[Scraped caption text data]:
● ● ● ● ● ● ●
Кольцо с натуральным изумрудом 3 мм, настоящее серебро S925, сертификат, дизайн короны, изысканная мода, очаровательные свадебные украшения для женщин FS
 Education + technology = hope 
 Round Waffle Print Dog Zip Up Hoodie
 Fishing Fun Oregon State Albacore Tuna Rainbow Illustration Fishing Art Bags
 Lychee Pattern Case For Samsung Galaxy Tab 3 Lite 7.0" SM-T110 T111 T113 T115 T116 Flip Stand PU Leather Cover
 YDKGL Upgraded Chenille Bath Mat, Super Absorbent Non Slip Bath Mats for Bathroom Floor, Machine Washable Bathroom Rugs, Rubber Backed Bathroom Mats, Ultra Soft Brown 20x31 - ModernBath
● ● ● ● ● ● ●
[Task objective]: Reproduce, exactly as they stand in the data above, the lines from the one that holds "Round Waffle Print Dog Zip Up Hoodie" to the one that holds "Lychee Pattern Case", inclusive.

[Result for this exercise]:
 Round Waffle Print Dog Zip Up Hoodie
 Fishing Fun Oregon State Albacore Tuna Rainbow Illustration Fishing Art Bags
 Lychee Pattern Case For Samsung Galaxy Tab 3 Lite 7.0" SM-T110 T111 T113 T115 T116 Flip Stand PU Leather Cover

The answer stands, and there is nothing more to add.